Globe-hoppers of the world, too long cabined and constrained by the pandemic, are exhilarated at the prospect of imminent foreign travel. Many have received the vaccine and are poised to fly far away for business or pleasure. The vaccinated among us, however, should not buy that airline ticket just yet – unless you know before you go how you will be treated at your foreign destination upon arrival, and upon departure.
Entry and Exit
Increasingly, as multiple variants of COVID-19 are identified, national governments worldwide have tightened entry protocols, and some have imposed exit restrictions. France, for example, has announced new requirements when departing the country. See “[What is:] Can I leave France?” – a Jeopardy-style question whose answer is: “You can only travel from France to a country outside the European space if you have pressing grounds for travel, or if you are travelling to your country of origin or residence.”
The United Kingdom, for example, has prohibited travel out of the UK except for narrow permitted reasons, and people entering the UK are subject to a 10-day quarantine upon arrival and national lock down rules during their stay. The UK also has put serious testing protocols in place. See “What is ‘‘Must I take a COVID-19 test on or before day 2 and day 8 of quarantining?’” – another Jeopardy-style question whose answer is: “Yes, from 15 February onwards, everyone allowed to enter England from outside the Common Travel Area (Ireland, the Channel Islands or the Isle of Man) must take two (2) COVID-19 tests, quarantine and follow the lockdown rules.” Furthermore, you cannot currently enter the UK if you’ve been in or through a country on the “red list” in the last 10 days, unless you are British, Irish or you have lawful residence in the UK, in which case you must spend your 10-day quarantine period in a managed quarantine hotel (at a cost of £1,750 for 1 adult in 1 room) and take both tests mentioned above.
Typically, at entry most countries require:
- an attestation that the arriving traveler is free of symptoms,
- a certificate confirming that s/he tested negative for the virus (usually PCR [polymerase chain reaction] and/or serology), or survived a bout of COVID and is now no longer ill,
- some form of self-quarantine, self-isolation, or confinement in government-approved/monitored lodging (with the cost borne by the traveler),
- proof that the traveler has not been in or through a COVID “hot zone” country in the recent past, and/or
- evidence that entry is essential or in the national interest.

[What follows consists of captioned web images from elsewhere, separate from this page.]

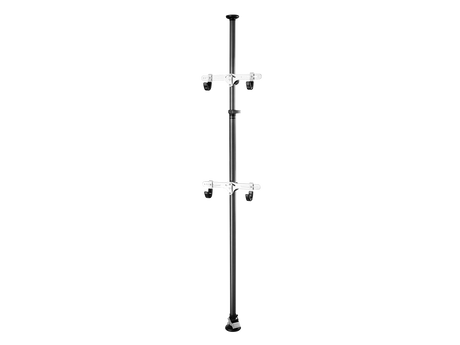 Topeak Dual-Touch plafondklemstandaard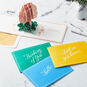 Bright and Cheery Nature Pop-Up Assorted Thinking of You Cards, Pack of 4, , large image number 6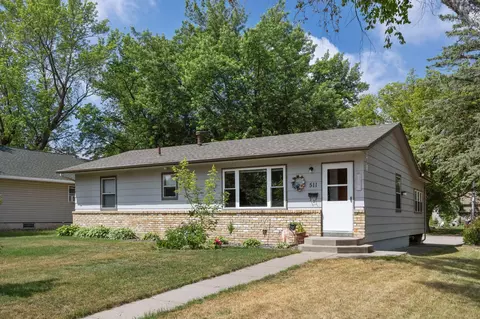 511 4th Ave S, Princeton, MN 55371
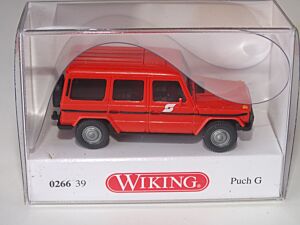 Puch G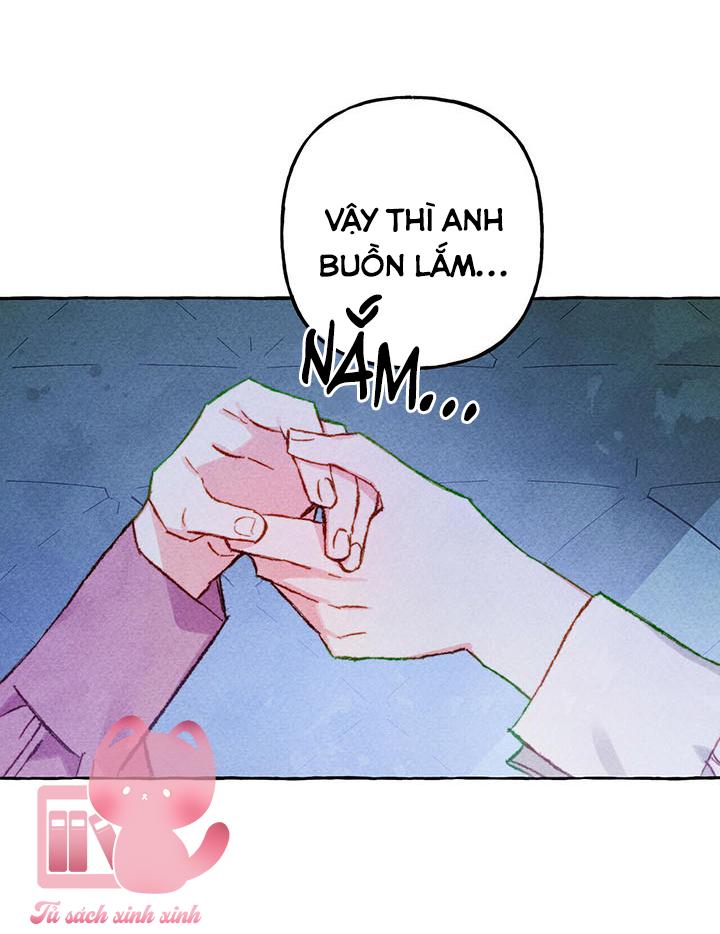 Nuôi Dưỡng Một Hắc Long - Chap 18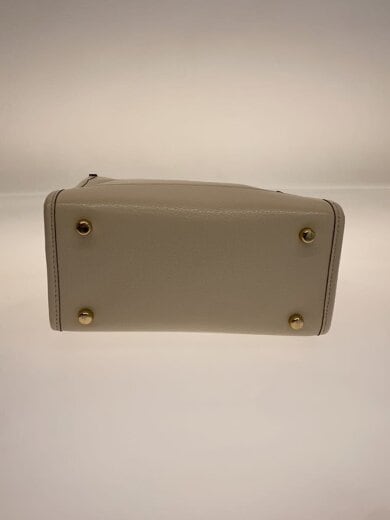 商品画像：デンプシー・トート22_レザートートバッグ/ホワイト/白/C5268 4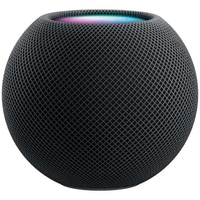 新品 Apple HomePod mini MY5G2J/A [スペースグレイ]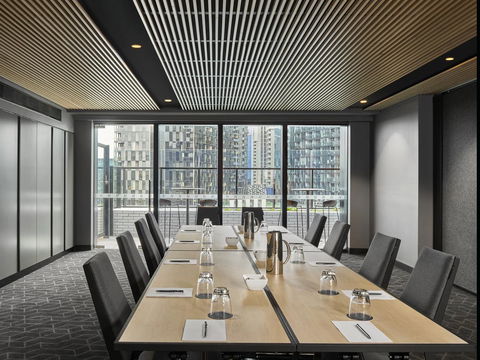 Vibe Hotel Melbourne Docklands - Accommodation Asia 31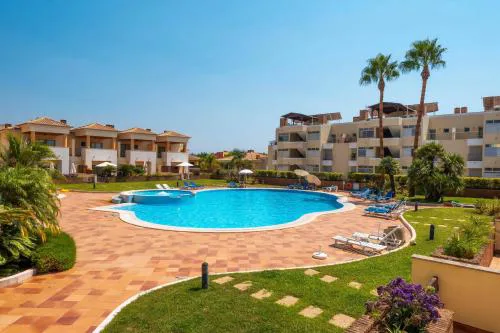Villa Vilamoura MZ, Piscina BBQ Prestige For Home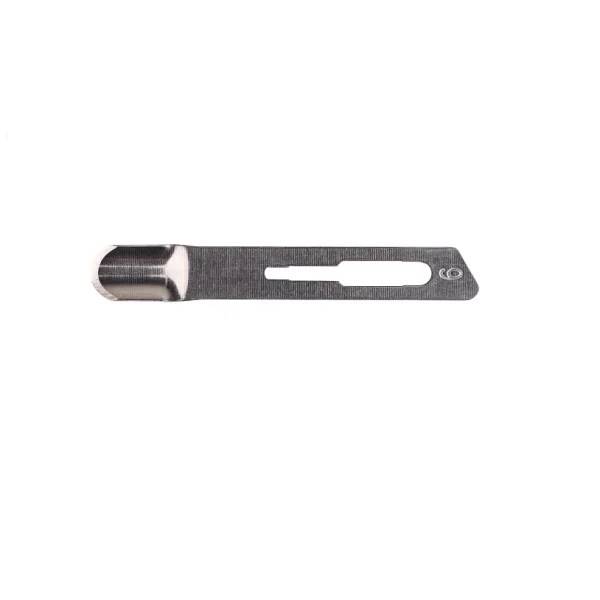 FIRST BLADES DŁUTKO PODOLOGICZNE nr.6  50szt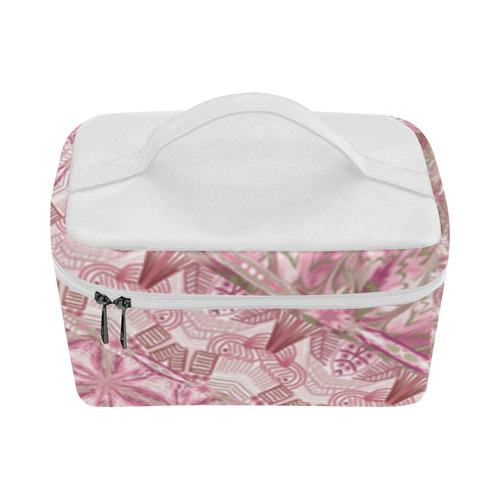 chamane 7 Cosmetic Bag/Large (Model 1658)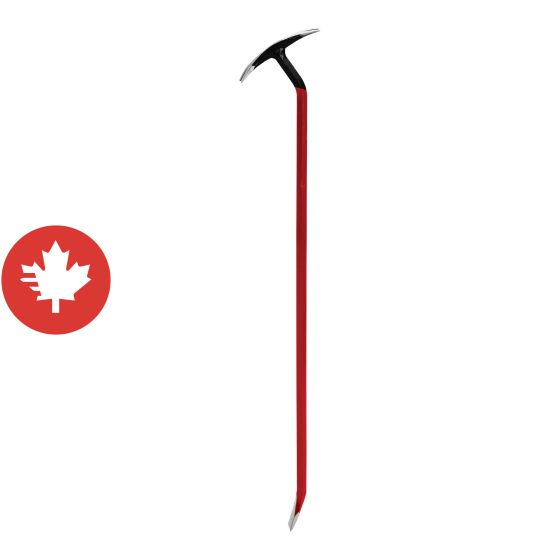 Barre à clou en T, 36"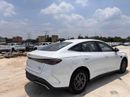 BYD SEAL 06 PREMIUM DM-i Intelligent Driving Edition 80KM Luxury Type | For Export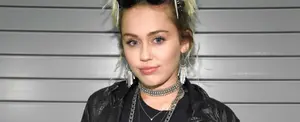 Miley Cyrus comparte su espectacular regalo de cumpleaños en Instagram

The U.S. Department of State maintains a handy guide to country-specific information and recommends that travelers consult their airlines for details on testing requirements. The CDC also offers an interactive world map listing “COVID-19 Travel Recommendations by Destination.” Better yet, prospective travelers should directly consult the destination country’s official COVID-19 web page which will contain the latest requirements, usually in English. Travelers may also want to check-in with the Department of Homeland Security prior to departing the U.S. as well as the DHS COVID-19 media releases found on the U.S. Customs and Border Protection website.
Adversity is said to spawn innovation. A variety of companies, organizations and governments have been hard at work trying to develop a passport of sorts for those inoculated against the virus. Much has been written in the recent press (e.g., here, here, here, and here) about the “coronavirus passport,” “vaccination passport,” or “immunity passport” – a new species of travel document allowing COVID-vaccinated individuals to board planes and disembark in a foreign locale with comparative ease.
Not all of these are new, such as the one issued by the World Health Organization, known as the International Certificate of Vaccination or Prophylaxis, or the “Yellow Card,” which can be annotated to reflect that the bearer has received a particular COVID vaccine. Others are smartphone applications, such as CommonPass, and the U.K.’s Blok Pass. Some of these initiatives go beyond housing personal information. Travelpass, for example, intends to host a digital platform that will include information on travel, testing and vaccine requirements, locations of test centers and labs, and a secure depository for results completed at these authorized test centers and labs. Recently, ID2020 launched the Good Health Pass, a cross-disciplinary collaboration which would create standards for a digitally-issued health pass system.
The problem, however, is that none of these health passes are universally accepted by airlines and countries. Unfortunately, the absence of uniform, widely accepted standards may not change for the foreseeable future. Concerns remain over potentially intrusive data collection mandates, the adequacy of privacy protections, and safeguards to prevent fraud and data hacking. Moreover, Canada’s Prime Minister Justin Trudeau has raised other objections in speaking out against vaccine passports in Canada, saying that his government would not adopt “extreme measures that could have real divisive impacts on community and country.”
While nation states consider whether to accept some generally agreed form of vaccine passport, for better or worse airlines remain the gatekeepers, deciding on the specific documents required for boarding based on the then-current rules in the particular country of destination.
Thus, as would-be travelers eagerly pore over foreign guide books, they must still, unfortunately, follow the old-fashioned rule of looking before alighting. Alas, there is no coronavirus passport just yet.